* ABOUT THIS TASK: The lines below, all of them, should be returned exactly as they appear.

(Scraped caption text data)
= Beginning of Section =

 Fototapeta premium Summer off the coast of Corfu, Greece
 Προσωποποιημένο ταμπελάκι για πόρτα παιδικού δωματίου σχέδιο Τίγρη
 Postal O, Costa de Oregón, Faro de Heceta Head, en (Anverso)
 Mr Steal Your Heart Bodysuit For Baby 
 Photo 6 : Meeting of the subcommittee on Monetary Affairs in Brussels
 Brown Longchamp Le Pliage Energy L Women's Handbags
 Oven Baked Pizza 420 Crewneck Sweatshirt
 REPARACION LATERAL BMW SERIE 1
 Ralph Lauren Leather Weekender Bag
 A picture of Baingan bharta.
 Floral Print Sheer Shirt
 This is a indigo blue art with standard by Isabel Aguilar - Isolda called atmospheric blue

= End of Section =

* RESULT FOR THIS EXERCISE:
 Fototapeta premium Summer off the coast of Corfu, Greece
 Προσωποποιημένο ταμπελάκι για πόρτα παιδικού δωματίου σχέδιο Τίγρη
 Postal O, Costa de Oregón, Faro de Heceta Head, en (Anverso)
 Mr Steal Your Heart Bodysuit For Baby 
 Photo 6 : Meeting of the subcommittee on Monetary Affairs in Brussels
 Brown Longchamp Le Pliage Energy L Women's Handbags
 Oven Baked Pizza 420 Crewneck Sweatshirt
 REPARACION LATERAL BMW SERIE 1
 Ralph Lauren Leather Weekender Bag
 A picture of Baingan bharta.
 Floral Print Sheer Shirt
 This is a indigo blue art with standard by Isabel Aguilar - Isolda called atmospheric blue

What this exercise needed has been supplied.